Diese equestre Statue steht auf einem Piedestal von grauem, sehr gleich gemischtem Granit, bei Matthausen einige Stunden von Linz, gebrochen. Der sanfte, graue Ton des Granits, der vortrefflich geschliffen ist, hamonirt zu der Bronze sehr gut, so daß auch der Eindruck des Ganzen, Ruhe und Würde athmet. Die Statue ist so auf das Piedestal gestellt, daß sie gegen das Palais des Grafen von Fries, dieses Freundes und eifrigen Beförderers der Künste blickt. Ich gebe hier zur besseren Verständigung nur mit einigen Linien den Grundriß an.

Das Piedestal hat durch drei Fußplatten, und durch die weit vorspringende Sockel, eine große breite Basis. Auf den beiden langen Seiten des Piedestals (a und b) sind zwei Bronzetafeln eingelassen, mit Allegorien auf die Verdienste Josephs um sein Reich. Diese aus dem Ganzen gegossenen Reliefs, sind jedes 12 Fuß lang und 7 Fuß hoch, folglich wohl die größten Bronze- Tafeln, die je segossen wurden.

Das Basrelief, rechts vom Beschauer (a) bezieht sich auf Josephs Reisen, auf denen er Kenntnisse zur Verbreitung wahrer Cultur und Aufklärung für seine Länder sammelte. Joseph in der Mitte stehend, wird von einem Genius gegen die sitzende Europa geführt. Rechts unterrichtet ein Landmann seinen Sohn in dem Ackerbau, als Zeichen des Friedens. Hinter ihm der Eichbaum, das schöne Sinnbild teutscher Festigkeit und Treue.

Das Basrelief links. (b) welches Sie auf der Abbildung sehen, deutet auf die Freimachung des Hafens von Triest. Merkur entfesselt die Handlung, welche als weibliche Figur auf einem Waarenballen ruht; Joseph in der Mitte, streckt als Protektor die Hand gegen sie aus. Ihm zur Rechten steht ein Kaufmann, der nachdenkend die für ihn daraus entspringenden Spekulationen zu berechnen scheint. Neben ihm Fama, die es mit weittönender Tuba verkündigt. Im Hintergrund ein Leuchtthurm und einige Schiffe, um das Ganze zu localisiren.

In die schmale vordere und hintere Seite des Piedestals (c und d) sind Schrifttafeln eingelassen, die gleichfalls sammt der Schrift im Ganzen gegossen sind. Die Buchstaben stehen erhaben, und werden vergoldet, welches sich gegen den tiefer liegenden, matten Bronzegrund gut schattiren wird.

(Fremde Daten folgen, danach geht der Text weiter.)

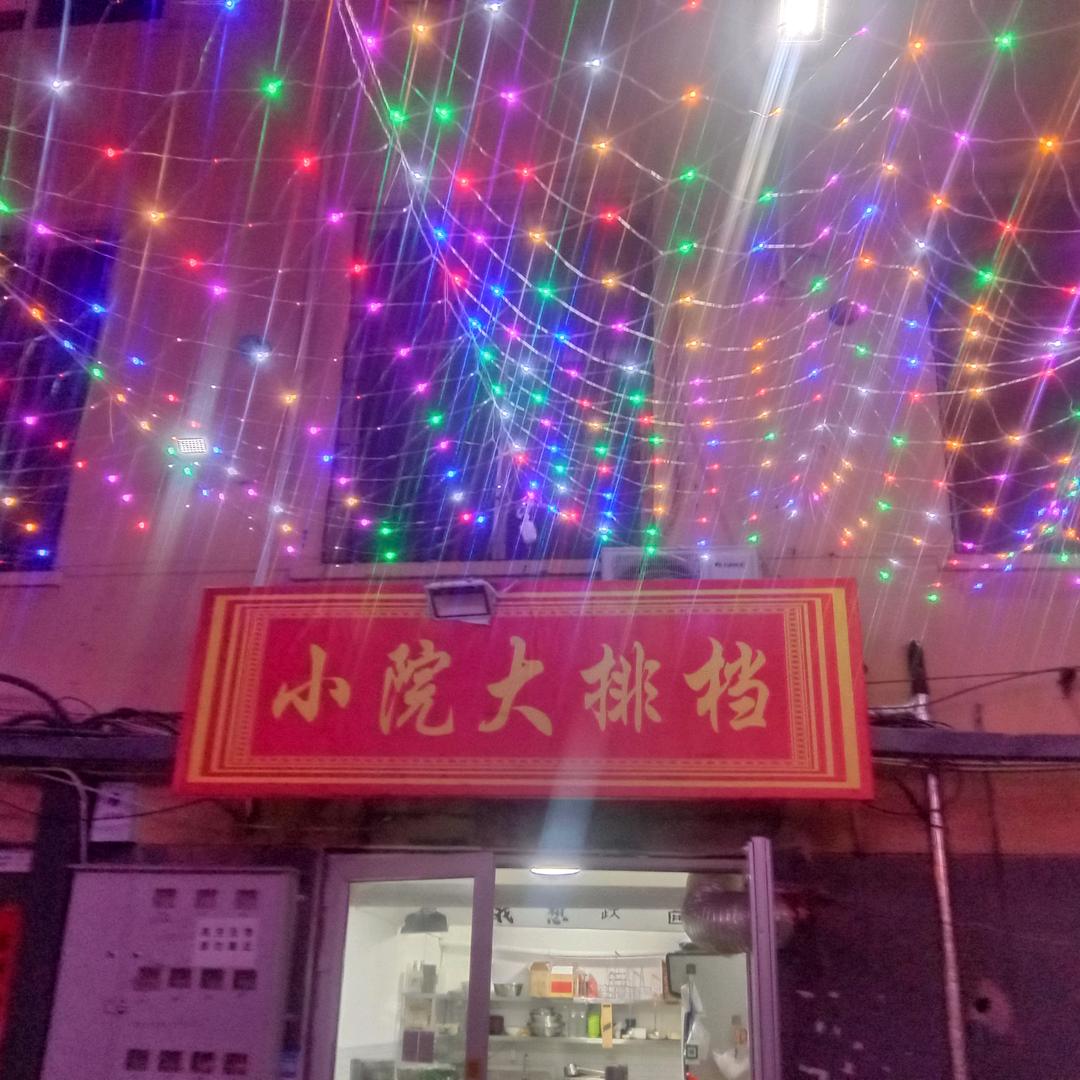 小院大排挡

Die Inschriften entwarf zuerst Denis, dann wurden sie vom Abbé Neumann, dem würdigen Numismatiker, etwas abgeändert.

Auf der vorderen Schrifttafel (c) liest man:
JOSEPHO. II.
QUI.
SALUTI. PUBLICAE. VIXIT.
NON. DIU. SED. TOTUS.

Auf der hinteren Schrifttafel (d) liest man.

FRANCISCUS.
ROM. ET. AUST. IMP.
EX. FRATRE. NEPOs.
POSUIT.
MDCCCVII.

Im Herbst 1807 soll nämlich das Ganze geendigt seyn. und eingeweiht werden.

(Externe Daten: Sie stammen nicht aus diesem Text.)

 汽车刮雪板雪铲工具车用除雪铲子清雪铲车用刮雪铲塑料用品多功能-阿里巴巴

Um das Monument stehen vier große Pilaster von Granit (e) über Mannshöhe, die gleichfalls als Denksäulen dienen sollen, die nach den unter Joseph II. geprägten Schaumünzen, die merkwürdigsten Epochen seiner Regierung bezeichnen. Diese 16 Hautreliefs, sind mit matt gearbeiteten Lorbeerkränzen umgeben. - Zwischen diesen vier Denksäulen tragen kleinere Granitpfeiler die Ketten.

Noch ehe Herr Zauner den Guß der kolossalen Statue unternahm, goß er 1797 die Gruppe im Kleinen, die vortrefflich ausfiel, und jetzt mit dem Piedestal zwölf Fuß hoch, im Kaiserl. Garten zu Laxenburg aufgestellt ist. - Der Künstler war bei ber Veranstaltung des Gusses, seinen eigenen Weg gegangen, und ob ihm gleich jetzt Mariette’s verdienstvolles Werk über den Guß der Statue Ludwigs XV. bekannt wurde, mit dem seine Vorrichtung in vielen Stücken verschieden war, so blieb er doch seinen Ansichten getreu, die vollkommen gelangen. Er wendete, daher dieselben Erfahrungen auch im Großen an, und hatte das Vergnügen, daß der geendigte Guß der Statue am 19. September 1800 und der des Pferdes am 26. Februar 1803, alle Foderungen der Kunst erfüllte.

Ich kehre jetzt, da Sie das Ganze kennen, zu einer kurzen technischen Uebersicht der Arbeiten bei der Modellirung und bei dem Gusse zurück.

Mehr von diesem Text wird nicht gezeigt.